# ImpPres with LLM

You have to implement in this notebook a better ImpPres classifier using an LLM.
This classifier must be implemented using DSPy.


In [1]:
# Configure the DSPy environment with the language model - for grok the parameters must be:
# env variable should be in os.environ['XAI_API_KEY']
# "xai/grok-3-mini"
import os
import dspy
import api_key

lm = dspy.LM('xai/grok-3-mini', api_key=api_key.grok_key)
# for ollama 
# lm = dspy.LM('ollama_chat/devstral', api_base='http://localhost:11434', api_key='')
dspy.configure(lm=lm)

In [2]:
from typing import Literal

class NLIClassifier(dspy.Signature):
    """Classify a premise-hypothesis pair into entailment, contradiction, or neutral."""
    premise = dspy.InputField(desc="The premise sentence")
    hypothesis = dspy.InputField(desc="The hypothesis sentence")
    label = dspy.OutputField(
        desc="The NLI relation",
        format=Literal["entailment", "contradiction", "neutral"]
    )

class NLIProgram(dspy.Program):
    def __init__(self):
        super().__init__()
        self.classifier = dspy.Predict(NLIClassifier)

    def forward(self, premise: str, hypothesis: str):
        result = self.classifier(premise=premise, hypothesis=hypothesis)
        return result.label

## Load ImpPres Dataset

## Evaluate Metrics

Let's use the huggingface `evaluate` package to compute the performance of the baseline.


In [6]:
from evaluate import load

accuracy = load("accuracy")
precision = load("precision")
recall = load("recall")
f1 = load("f1")


In [7]:
import evaluate
clf_metrics = evaluate.combine(["accuracy", "f1", "precision", "recall"])

## Your Turn

Compute the classification metrics on the baseline LLM model on each test section of the ANLI dataset for samples that have a non-empty 'reason' field.

You also must show a comparison between the DeBERTa baseline model and this LLM baseline model. The comparison metric should compute the agreement between the two models:
* On how many samples they are both correct [Correct]
* On how many samples Model1 is correct and Model2 is incorrect [Correct1]
* On how many samples Model1 is incorrect and Model2 is correct [Correct2]
* On how many samples both are incorrect [Incorrect]

In [3]:
import pandas as pd
from sklearn.metrics import accuracy_score
from IPython.display import display

In [28]:
combined_df = pd.read_csv("combined_presuppositions.csv")
print("Combined dataset shape:", combined_df.shape)
# Sample 10% of paradigmIDs
sampled_ids = combined_df["paradigmID"].drop_duplicates().sample(frac=0.1, random_state=42)

# Filter dataset
filtered_df = combined_df[combined_df["paradigmID"].isin(sampled_ids)].reset_index(drop=True)

print("Original size:", combined_df.shape)
print("Sample size - 10%:", filtered_df.shape)

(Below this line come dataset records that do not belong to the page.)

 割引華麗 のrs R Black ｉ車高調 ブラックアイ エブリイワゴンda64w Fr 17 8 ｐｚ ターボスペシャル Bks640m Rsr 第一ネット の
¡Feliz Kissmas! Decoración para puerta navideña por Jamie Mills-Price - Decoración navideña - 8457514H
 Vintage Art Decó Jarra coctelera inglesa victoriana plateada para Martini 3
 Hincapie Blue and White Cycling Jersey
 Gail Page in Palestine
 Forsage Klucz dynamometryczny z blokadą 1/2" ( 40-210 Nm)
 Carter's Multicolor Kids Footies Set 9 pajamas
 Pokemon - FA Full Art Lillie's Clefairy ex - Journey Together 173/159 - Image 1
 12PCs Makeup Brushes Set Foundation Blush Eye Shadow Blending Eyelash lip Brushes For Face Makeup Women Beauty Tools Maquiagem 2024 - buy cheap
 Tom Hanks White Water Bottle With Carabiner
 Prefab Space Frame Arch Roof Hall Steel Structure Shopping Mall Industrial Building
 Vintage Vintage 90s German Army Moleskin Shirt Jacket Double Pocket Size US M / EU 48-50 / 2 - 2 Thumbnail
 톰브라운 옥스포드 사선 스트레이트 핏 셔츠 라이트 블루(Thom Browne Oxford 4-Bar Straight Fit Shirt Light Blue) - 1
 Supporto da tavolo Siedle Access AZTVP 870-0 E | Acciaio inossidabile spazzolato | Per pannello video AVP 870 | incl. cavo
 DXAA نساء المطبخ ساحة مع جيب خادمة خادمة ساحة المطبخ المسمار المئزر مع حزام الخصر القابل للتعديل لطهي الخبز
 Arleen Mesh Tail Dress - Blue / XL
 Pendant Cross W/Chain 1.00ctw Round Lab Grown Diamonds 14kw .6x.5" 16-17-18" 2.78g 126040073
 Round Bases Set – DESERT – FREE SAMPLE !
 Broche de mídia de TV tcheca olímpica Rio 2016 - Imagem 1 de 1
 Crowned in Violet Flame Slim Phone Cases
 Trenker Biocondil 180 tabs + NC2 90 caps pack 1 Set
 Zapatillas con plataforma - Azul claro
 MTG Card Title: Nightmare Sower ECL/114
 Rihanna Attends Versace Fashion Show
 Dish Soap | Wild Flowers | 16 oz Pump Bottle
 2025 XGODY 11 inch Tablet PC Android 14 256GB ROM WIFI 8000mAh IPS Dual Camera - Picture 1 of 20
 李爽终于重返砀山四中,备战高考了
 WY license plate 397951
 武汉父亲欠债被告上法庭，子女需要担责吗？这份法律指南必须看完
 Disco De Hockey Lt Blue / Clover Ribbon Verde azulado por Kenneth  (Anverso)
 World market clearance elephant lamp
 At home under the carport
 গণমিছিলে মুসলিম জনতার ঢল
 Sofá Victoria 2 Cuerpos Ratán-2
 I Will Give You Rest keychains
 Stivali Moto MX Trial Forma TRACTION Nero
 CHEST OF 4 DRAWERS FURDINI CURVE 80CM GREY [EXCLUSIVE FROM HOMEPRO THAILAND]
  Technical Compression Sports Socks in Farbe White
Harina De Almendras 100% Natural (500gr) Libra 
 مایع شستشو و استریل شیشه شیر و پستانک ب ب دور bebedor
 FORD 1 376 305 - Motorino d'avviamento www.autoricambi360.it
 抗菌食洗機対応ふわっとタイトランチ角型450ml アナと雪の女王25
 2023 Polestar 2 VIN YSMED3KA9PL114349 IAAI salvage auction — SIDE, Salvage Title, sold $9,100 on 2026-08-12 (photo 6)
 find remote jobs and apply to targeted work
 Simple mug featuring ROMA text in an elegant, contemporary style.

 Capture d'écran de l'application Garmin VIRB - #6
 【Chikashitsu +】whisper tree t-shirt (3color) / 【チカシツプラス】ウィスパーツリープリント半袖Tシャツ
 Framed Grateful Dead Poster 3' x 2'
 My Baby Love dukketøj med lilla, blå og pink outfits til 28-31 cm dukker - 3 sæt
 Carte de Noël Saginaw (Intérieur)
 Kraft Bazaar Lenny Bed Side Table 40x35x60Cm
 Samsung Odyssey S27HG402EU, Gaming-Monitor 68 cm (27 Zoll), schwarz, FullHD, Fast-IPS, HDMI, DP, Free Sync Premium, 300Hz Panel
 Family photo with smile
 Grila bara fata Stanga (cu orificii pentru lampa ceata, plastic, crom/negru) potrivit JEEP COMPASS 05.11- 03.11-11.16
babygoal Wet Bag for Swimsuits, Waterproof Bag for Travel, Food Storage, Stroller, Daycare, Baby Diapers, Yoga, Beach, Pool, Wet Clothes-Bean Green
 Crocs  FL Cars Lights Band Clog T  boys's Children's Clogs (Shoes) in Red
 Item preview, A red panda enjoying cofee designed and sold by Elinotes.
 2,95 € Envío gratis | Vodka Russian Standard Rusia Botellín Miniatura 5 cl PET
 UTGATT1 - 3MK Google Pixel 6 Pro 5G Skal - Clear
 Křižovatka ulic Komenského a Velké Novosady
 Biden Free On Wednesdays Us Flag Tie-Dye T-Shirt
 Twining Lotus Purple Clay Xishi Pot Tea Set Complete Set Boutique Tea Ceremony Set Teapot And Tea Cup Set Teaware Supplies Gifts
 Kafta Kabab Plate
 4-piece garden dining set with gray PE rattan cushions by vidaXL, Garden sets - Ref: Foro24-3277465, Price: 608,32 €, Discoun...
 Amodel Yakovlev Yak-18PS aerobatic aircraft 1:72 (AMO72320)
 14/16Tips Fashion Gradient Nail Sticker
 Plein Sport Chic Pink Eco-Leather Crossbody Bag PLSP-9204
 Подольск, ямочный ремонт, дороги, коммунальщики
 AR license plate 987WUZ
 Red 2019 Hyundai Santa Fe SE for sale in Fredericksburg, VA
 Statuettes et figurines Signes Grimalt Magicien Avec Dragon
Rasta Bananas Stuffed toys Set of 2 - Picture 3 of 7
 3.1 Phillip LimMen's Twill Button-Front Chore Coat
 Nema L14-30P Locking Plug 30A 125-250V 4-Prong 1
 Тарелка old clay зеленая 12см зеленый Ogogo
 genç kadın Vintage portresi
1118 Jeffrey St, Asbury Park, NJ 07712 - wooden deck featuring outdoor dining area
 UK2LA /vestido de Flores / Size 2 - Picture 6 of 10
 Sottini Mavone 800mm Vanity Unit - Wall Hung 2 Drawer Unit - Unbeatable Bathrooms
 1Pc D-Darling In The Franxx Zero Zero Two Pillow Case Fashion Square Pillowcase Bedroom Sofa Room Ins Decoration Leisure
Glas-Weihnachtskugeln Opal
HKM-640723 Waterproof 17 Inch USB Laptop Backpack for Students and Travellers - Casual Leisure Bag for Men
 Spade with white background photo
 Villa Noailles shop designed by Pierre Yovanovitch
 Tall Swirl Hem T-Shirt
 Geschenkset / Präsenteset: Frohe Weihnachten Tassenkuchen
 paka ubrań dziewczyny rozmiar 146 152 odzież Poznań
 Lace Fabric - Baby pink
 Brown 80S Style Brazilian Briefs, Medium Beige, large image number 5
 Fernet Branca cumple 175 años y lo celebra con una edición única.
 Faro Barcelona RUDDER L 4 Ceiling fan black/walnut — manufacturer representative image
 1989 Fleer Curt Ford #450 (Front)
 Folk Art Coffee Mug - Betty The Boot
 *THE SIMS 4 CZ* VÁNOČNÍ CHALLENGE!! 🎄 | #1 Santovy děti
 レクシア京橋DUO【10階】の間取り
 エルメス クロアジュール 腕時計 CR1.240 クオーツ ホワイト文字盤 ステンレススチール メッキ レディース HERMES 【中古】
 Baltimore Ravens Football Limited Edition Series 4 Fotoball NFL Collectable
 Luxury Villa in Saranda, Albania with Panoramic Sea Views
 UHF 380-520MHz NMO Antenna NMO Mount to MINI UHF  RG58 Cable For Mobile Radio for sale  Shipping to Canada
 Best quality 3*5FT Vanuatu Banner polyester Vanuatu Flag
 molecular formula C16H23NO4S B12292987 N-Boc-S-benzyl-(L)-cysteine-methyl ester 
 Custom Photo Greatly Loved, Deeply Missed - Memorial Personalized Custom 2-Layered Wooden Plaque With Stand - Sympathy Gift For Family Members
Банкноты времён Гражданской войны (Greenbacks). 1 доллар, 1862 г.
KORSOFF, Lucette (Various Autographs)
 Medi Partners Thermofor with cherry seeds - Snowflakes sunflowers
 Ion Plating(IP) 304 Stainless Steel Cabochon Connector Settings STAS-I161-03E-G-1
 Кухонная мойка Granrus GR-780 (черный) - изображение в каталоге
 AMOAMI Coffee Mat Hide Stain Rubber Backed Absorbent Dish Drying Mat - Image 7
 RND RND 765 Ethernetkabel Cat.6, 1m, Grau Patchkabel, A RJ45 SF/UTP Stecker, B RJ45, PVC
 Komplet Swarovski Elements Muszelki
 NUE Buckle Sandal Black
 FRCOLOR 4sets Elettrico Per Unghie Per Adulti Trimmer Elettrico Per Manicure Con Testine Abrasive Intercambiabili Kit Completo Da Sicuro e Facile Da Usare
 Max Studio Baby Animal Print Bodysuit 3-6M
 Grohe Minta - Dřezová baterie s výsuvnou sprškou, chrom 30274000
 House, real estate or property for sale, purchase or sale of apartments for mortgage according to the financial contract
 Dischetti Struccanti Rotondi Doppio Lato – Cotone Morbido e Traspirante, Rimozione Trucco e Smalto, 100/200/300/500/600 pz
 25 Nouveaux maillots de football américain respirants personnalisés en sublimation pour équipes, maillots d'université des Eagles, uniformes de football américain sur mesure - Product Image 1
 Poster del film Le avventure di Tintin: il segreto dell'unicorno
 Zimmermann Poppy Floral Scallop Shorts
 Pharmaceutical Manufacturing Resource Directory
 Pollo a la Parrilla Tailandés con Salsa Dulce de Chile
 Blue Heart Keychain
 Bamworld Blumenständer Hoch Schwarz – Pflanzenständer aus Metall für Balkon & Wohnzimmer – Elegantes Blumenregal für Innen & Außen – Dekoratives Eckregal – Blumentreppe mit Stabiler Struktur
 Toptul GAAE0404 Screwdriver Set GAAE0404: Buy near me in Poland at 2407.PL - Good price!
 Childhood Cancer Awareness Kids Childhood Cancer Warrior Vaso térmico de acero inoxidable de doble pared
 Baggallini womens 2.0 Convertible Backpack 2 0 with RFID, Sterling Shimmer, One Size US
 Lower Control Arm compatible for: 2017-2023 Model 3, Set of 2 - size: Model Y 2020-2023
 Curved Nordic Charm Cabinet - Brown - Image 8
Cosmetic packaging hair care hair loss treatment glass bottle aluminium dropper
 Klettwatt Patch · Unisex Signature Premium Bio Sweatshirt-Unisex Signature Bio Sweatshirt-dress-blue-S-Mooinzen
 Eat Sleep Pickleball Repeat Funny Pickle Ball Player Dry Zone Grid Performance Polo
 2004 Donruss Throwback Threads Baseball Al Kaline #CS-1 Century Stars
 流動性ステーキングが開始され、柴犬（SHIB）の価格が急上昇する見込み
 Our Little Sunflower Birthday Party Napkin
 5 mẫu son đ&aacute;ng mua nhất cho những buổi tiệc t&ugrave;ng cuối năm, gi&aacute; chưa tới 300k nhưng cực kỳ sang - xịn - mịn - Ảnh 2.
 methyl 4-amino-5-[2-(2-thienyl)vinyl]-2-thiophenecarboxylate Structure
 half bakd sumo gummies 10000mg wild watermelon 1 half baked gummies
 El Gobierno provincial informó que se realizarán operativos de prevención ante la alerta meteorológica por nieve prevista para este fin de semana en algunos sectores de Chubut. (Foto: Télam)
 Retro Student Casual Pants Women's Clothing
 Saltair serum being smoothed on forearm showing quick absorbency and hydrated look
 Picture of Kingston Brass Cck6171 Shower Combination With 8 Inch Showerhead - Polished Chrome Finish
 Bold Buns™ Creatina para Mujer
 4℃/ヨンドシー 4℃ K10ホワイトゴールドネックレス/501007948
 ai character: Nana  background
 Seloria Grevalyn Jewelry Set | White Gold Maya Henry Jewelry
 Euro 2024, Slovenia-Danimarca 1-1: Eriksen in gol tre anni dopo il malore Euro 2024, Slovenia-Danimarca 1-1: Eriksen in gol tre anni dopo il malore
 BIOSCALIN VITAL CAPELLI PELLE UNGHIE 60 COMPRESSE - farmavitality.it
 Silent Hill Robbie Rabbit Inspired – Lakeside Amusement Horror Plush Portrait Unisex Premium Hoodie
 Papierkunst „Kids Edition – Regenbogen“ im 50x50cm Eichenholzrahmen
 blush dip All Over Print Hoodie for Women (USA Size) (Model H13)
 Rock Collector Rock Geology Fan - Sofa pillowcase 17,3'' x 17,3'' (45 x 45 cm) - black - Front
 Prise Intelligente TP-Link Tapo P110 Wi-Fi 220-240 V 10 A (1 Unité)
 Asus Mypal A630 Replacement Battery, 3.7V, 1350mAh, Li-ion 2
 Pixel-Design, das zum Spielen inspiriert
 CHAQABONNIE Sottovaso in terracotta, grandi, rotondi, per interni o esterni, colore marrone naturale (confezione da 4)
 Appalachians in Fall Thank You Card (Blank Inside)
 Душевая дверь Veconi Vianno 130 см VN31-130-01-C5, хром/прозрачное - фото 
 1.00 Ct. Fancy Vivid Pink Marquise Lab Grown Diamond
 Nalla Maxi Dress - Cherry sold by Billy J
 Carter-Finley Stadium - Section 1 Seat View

Combined dataset shape: (5697, 11)
Original size: (5697, 11)
Sample size - 10%: (513, 11)


In [29]:
def paradigm_reward(y_true, y_pred, alpha=0.5):
    acc = accuracy_score(y_true, y_pred)
    majority = max(set(y_pred), key=y_pred.count)
    consistency = sum(p == majority for p in y_pred) / len(y_pred)
    return alpha * acc + (1 - alpha) * consistency


def build_paradigm_examples(df):
    examples = []
    for paradigm_id, group in df.groupby("paradigmID"):
        group = group.sample(frac=1, random_state=42).reset_index(drop=True)
        premises = group["premise"].tolist()
        hypotheses = group["hypothesis"].tolist()
        golds = group["gold_label"].tolist()
        examples.append(dspy.Example(
            premises=premises,
            hypotheses=hypotheses,
            labels=golds,
            section=group["section"].iloc[0],
            paradigmID=paradigm_id
        ))
    return examples


# Use sampled data instead of full data
train_examples = build_paradigm_examples(filtered_df)

In [30]:
teleprompter = dspy.BootstrapFewShot(
    NLIProgram,
    paradigm_reward
)


optimized_program = teleprompter.compile(student=NLIProgram(), trainset=train_examples)

results = []
for ex in train_examples:
    preds = []
    for p, h in zip(ex.premises, ex.hypotheses):
        pred = optimized_program.forward(premise=p, hypothesis=h)
        preds.append(pred)

    preds_labels = [2 if p == "entailment" else 0 if p== "contradiction"else 1 for p in preds]
    reward = paradigm_reward(preds_labels, ex["labels"])
    results.append({
        "section": ex.section,
        "paradigmID": ex.paradigmID,
        "accuracy": accuracy_score(ex["labels"], preds_labels),
        "consistency": sum(p == max(set(preds), key=preds.count) for p in preds) / len(preds),
        "reward": reward
    })

metrics_df = pd.DataFrame(results)

  0%|          | 0/3 [00:00<?, ?it/s]2025/08/08 15:05:16 ERROR dspy.teleprompt.bootstrap: Failed to run or to evaluate example Example({'premises': ['Was Brad only spinning around?', 'Alan might have been climbing up ladders.', "If Alan was climbing up ladders, it's okay.", "Does Carrie's spotlight that was scaring Barbara vanish?", "Monet doesn't find out why the glove shrank.", 'It is James who is climbing up the stairs.', "Carrie's spotlight that was scaring Barbara does vanish.", 'Brad might have been only spinning around.', "If Brad was only spinning around, it's okay.", "If Brad was only spinning around, it's okay.", 'Monet might find out why the glove shrank.', "Carrie's spotlight that was scaring Barbara doesn't vanish.", "If Alan was climbing up ladders, it's okay.", "All three libraries that haven't needed to listen to George didn't forget the waiter.", 'Was Alan climbing up ladders?', 'Both senators who break a bicycle might have scratched.', "If it is Gerald who is arguing 

Bootstrapped 0 full traces after 2 examples for up to 1 rounds, amounting to 3 attempts.


In [32]:
section_summary = metrics_df.groupby("section")[["accuracy", "consistency", "reward"]].mean().reset_index()
overall_summary = pd.DataFrame([{
    "section": "ALL",
    "accuracy": metrics_df["accuracy"].mean(),
    "consistency": metrics_df["consistency"].mean(),
    "reward": metrics_df["reward"].mean()
}])
final_summary = pd.concat([section_summary, overall_summary], ignore_index=True)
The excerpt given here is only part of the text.